▸ WORK ITEM
Please, in the data that follows, copy exactly the lines from the line with "Bracket Wal Mount" through the last one, both included. Do not include pictures.

[Image-caption web data]

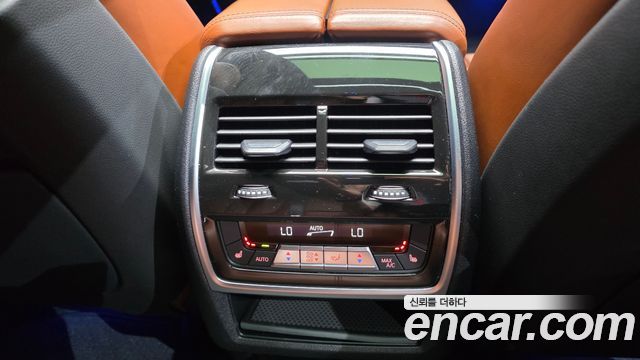BMW X6 (G06) xDrive40i M Sport 2022 — фото 40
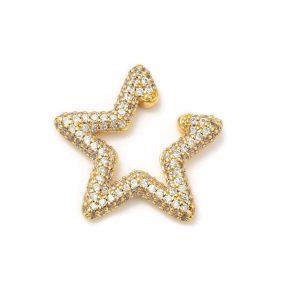 Cercel Ear Cuff  
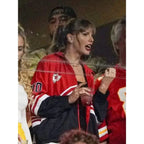 Buy Kansas City Chiefs Jacket Vintage
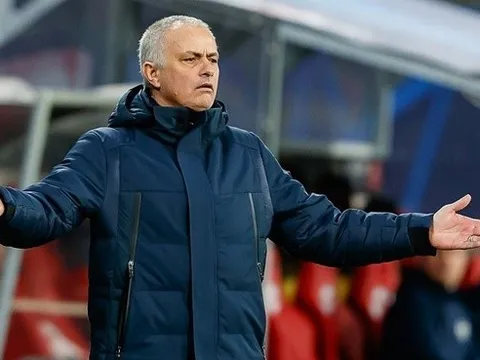 Tottenham cần quên ngay thất bại trước RB Leipzig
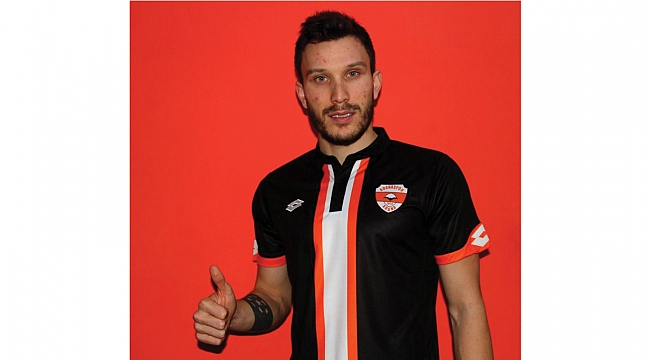 Samsunlu Canberk Kocaeli yolcusu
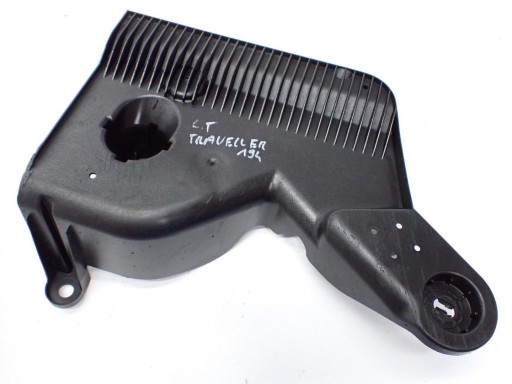 ΚΑΛΥΜΜΑ ΣΑΣΙ ΔΕΖΟΜΕΝΟΥ ΠΛΑΚΑ FAP ORIGINAL 9816482080 PEUGEOT TRAVELER 19R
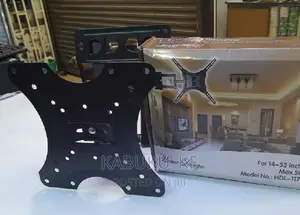 14 - 55" Full Motion Swivel Wall Mount TV Bracket Wal Mount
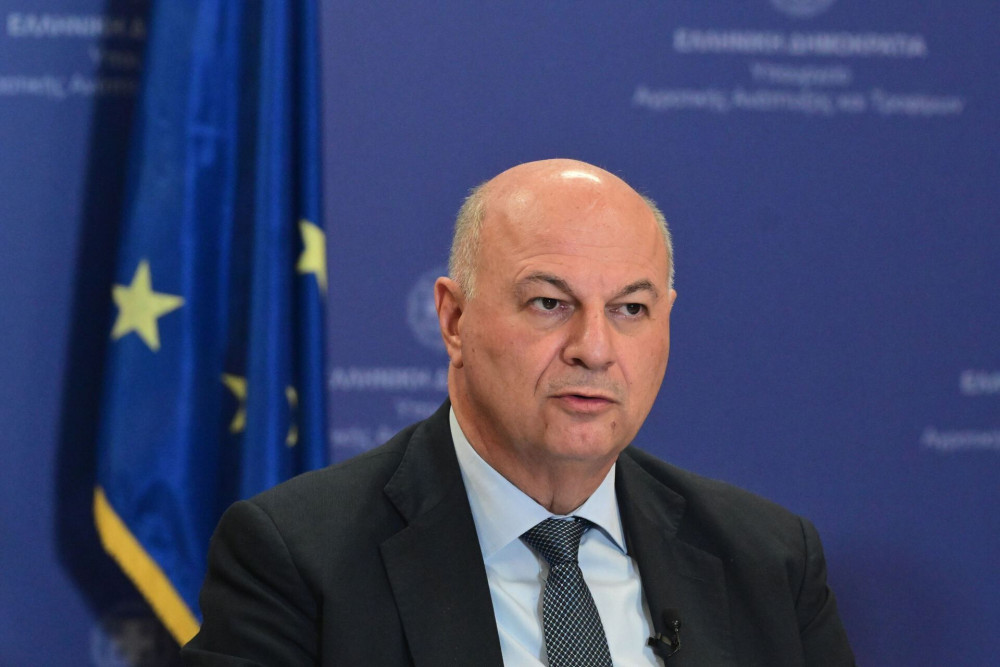 Κώστας Τσιάρας: Η ευθύνη περνά στην πλευρά εκείνων που δεν ανταποκρίθηκαν στον διάλογο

▸ RESPONSE TO THIS EXERCISE
 14 - 55" Full Motion Swivel Wall Mount TV Bracket Wal Mount
 Κώστας Τσιάρας: Η ευθύνη περνά στην πλευρά εκείνων που δεν ανταποκρίθηκαν στον διάλογο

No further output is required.